SaDe: Learning Models that Provably Satisfy Domain Constraints
This addresses the need for provably safe models in applications like autonomous driving, offering a novel solution beyond incremental regularization methods.
The paper tackles the problem of ensuring machine learning models satisfy domain constraints (e.g., safety-critical ones) by proposing a framework that guarantees 100% constraint satisfaction on unseen data, using a maximum satisfiability approach combined with gradient descent, and shows it enforces constraints effectively without sacrificing predictive performance compared to regularization-based baselines.

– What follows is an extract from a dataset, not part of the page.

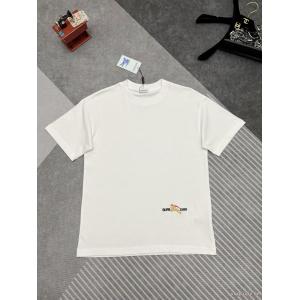 売れ筋！ 世界中で爆発的人気 最前線2026BURBERRY半袖Tシャツ偽物 ブランド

In many real world applications of machine learning, models have to meet certain domain-based requirements that can be expressed as constraints (e.g., safety-critical constraints in autonomous driving systems). Such constraints are often handled by including them in a regularization term, while learning a model. This approach, however, does not guarantee 100% satisfaction of the constraints: it only reduces violations of the constraints on the training set rather than ensuring that the predictions by the model will always adhere to them. In this paper, we present a framework for learning models that provably fulfil the constraints under all circumstances (i.e., also on unseen data). To achieve this, we cast learning as a maximum satisfiability problem, and solve it using a novel SaDe algorithm that combines constraint satisfaction with gradient descent. We compare our method against regularization based baselines on linear models and show that our method is capable of enforcing different types of domain constraints effectively on unseen data, without sacrificing predictive performance.